Some of the commonly used options are:

--class: The entry point for your application (e.g. org.apache.spark.examples.SparkPi)
--master: The master URL for the cluster (e.g. spark://23.195.26.187:7077)
--deploy-mode: Whether to deploy your driver on the worker nodes (cluster) or locally as an external client (client) (default: client). This option will be explained next lab.
--conf: Arbitrary Spark configuration property in key=value format. For values that contain spaces wrap “key=value” in quotes (as shown). Multiple configurations should be passed as separate arguments. (e.g. --conf <key>=<value> --conf <key2>=<value2>)
application-jar: Path to a bundled jar including your application and all dependencies. The URL must be globally visible inside of your cluster, for instance, an hdfs:// path or a file:// path that is present on all nodes.
application-arguments: Arguments passed to the main method of your main class, if any

Python Package Management in PySpark apps

When you want to run your PySpark application on a cluster such as YARN, you need to make sure that your code and all used libraries are available on the executors that actually running on remote machines.

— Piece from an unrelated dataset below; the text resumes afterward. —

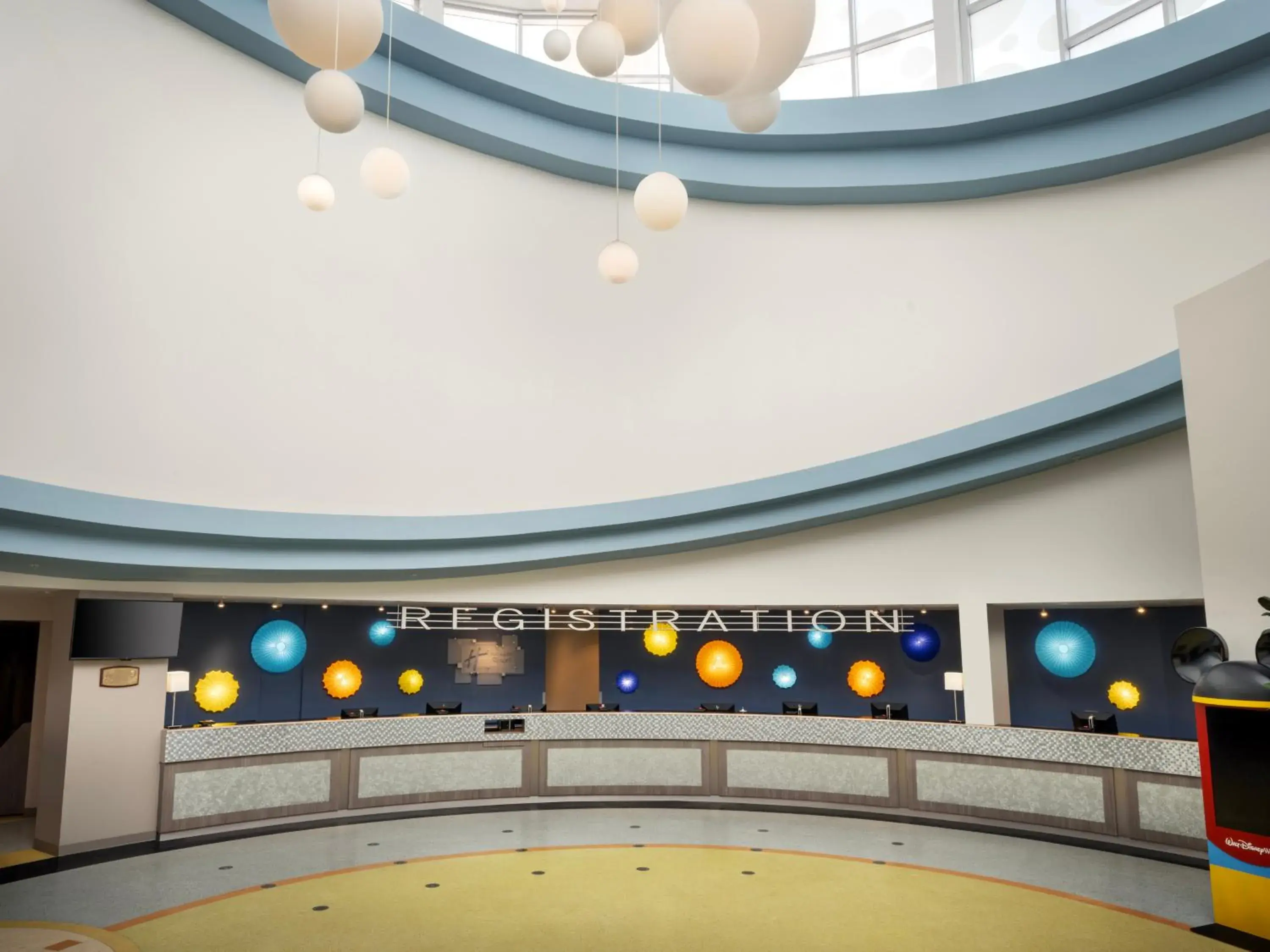 Lobby or reception in Holiday Inn Resort Orlando Suites - Waterpark by IHG Lobby or reception in Holiday Inn Resort Orlando Suites - Waterpark by IHG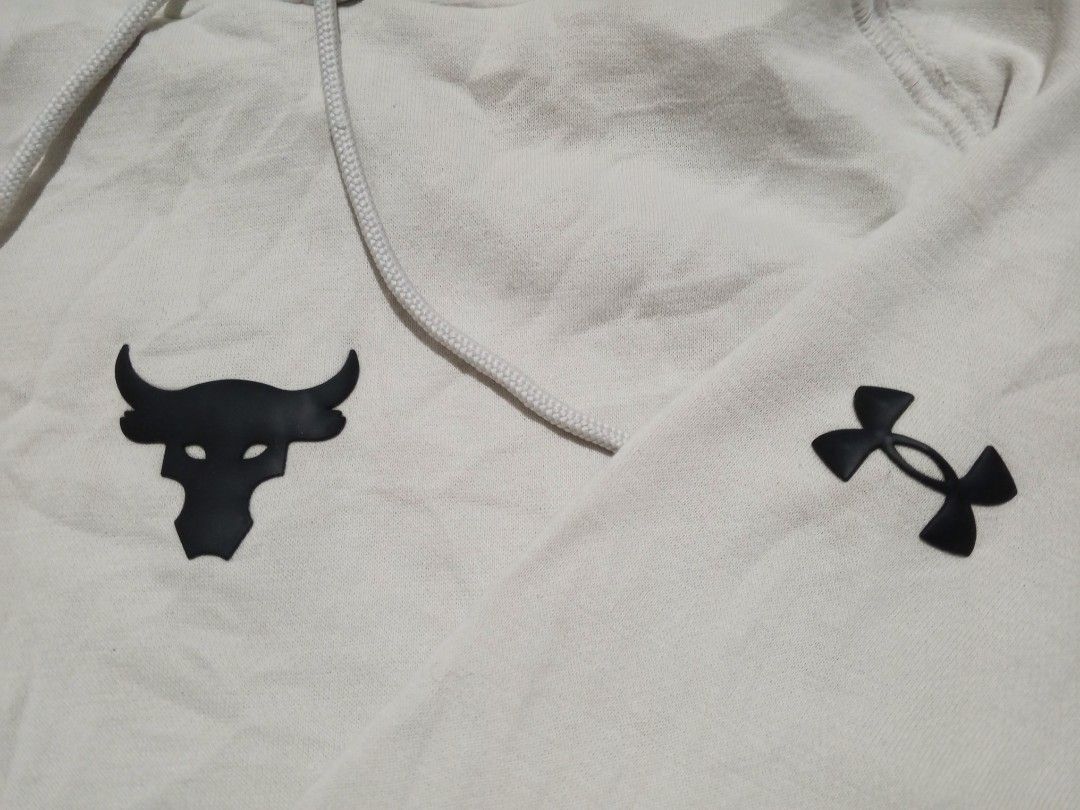 Under Armour Project Rock (Category: Coats, Jackets and Outerwear) located in Cotabato. Submitted by naim_23 (Listing ID 1460082360, Image 3). Description: Under Armour Project Rock Size Medium No Issue Pm 📩.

Let’s try to create a PySpark app that imports pandas package and uses a custom module backend.py as a backend.

# /app/app.py
from pyspark.sql import SparkSession
import pandas as pd


spark = SparkSession\
    .builder\
    .appName("PythonPackageManagementPySparkApp")\
    .getOrCreate()    

sc = spark.sparkContext
sc.setLogLevel("OFF") # WARN, FATAL, INFO

data = [('hello', 1), ('world', 2)]
print(pd.DataFrame(data))


spark.createDataFrame(data).show()


rdd = sc.parallelize(data)
print(rdd.collect())

from backend import some_f
some_f(spark)

# /app/backend.py
import pandas


def some_f(session):
    df = pandas.DataFrame()
    print(f"hello from backend where df.shape is {df.shape}")
    print(pandas.__version__)
    session.createDataFrame(df).show()

PySpark allows to upload Python files (.py), zipped Python packages (.zip), and Egg files (.egg) to the executors by setting the configuration setting spark.submit.pyFiles, setting the option --py-files in spark-submit, or directly calling pyspark.SparkContext.addPyFile() in the application. This is the case for custom modules/files but what about packages and virtual environments. You can actually use the python package venv-pack to package your virtual environment and pass it to spark-submit using the option archives.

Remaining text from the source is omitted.